Christie had written very little about the Second World War in her novels: there is only the nazi spy plot in the thriller N or M? and the political anxiety of One, Two, Buckle My Shoe. In Taken at the Flood, however, she addresses the problems of reconstruction. David is a daring former commando: a man for whom there seems little use in peacetime. Lynn is trying to come to terms with the boredom of village life after the excitement of seeing the world. Rowley is a man who feels cheated by having been forced to till the land while his good friend Johnnie Vavasour has gone to war and been killed. Adela’s comfortable living has been destroyed by post-war tax rises.
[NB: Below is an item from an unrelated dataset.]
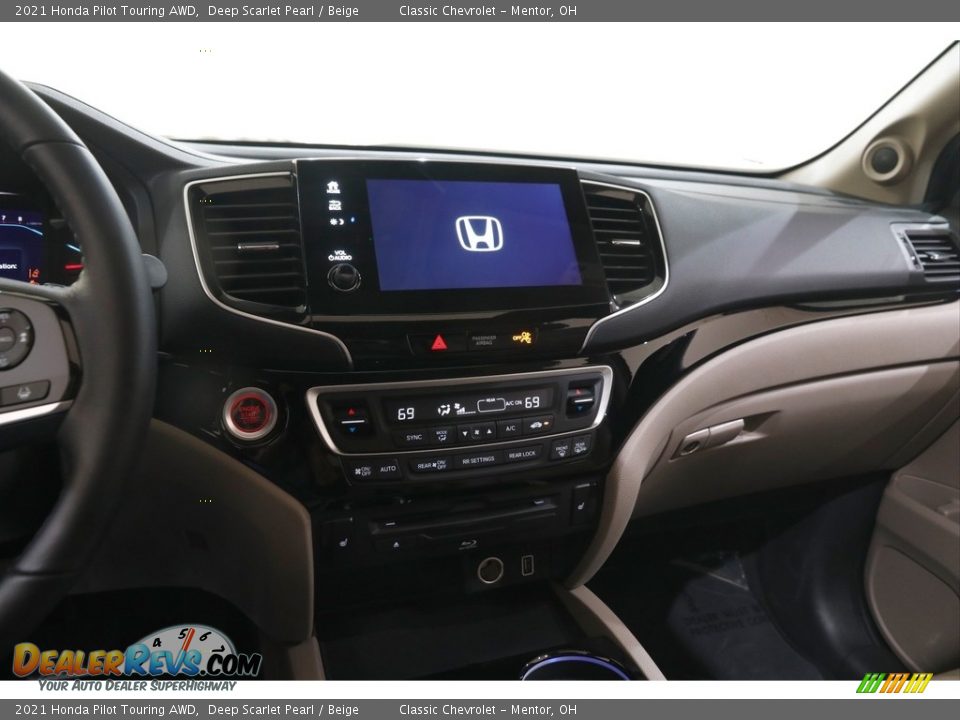 2021 Honda Pilot Touring AWD Deep Scarlet Pearl / Beige Photo #9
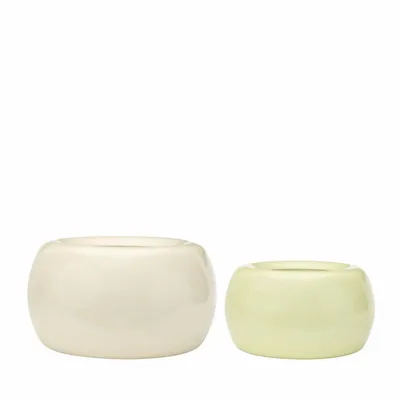 Poterie - Maru Pots Large Vert Clair (set de 2) - HÜBSCH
The conclusion of the novel, in which the dangerous man is destroyed, while the Wren and her farmer are united, exhibits Christie’s social conservatism. The money goes back to the people who have always depended upon it, while the individual who has attempted to exploit the chaos of war for her own social mobility (the housemaid, Eileen Corrigan) is shown to be gauche, uneasy, guilty and ultimately the victim of murder.

Trivia

  • The title of the book is a line from Shakespeare's Julius Caesar: "There is a tide in the affairs of men, which taken at the flood leads on to fortune...". The quotation is given in full as the epigraph to the novel.
  • When Poirot is reading the newspaper accounts of the disappearance of Robert Underhay, the front pages are identical apart from the main article.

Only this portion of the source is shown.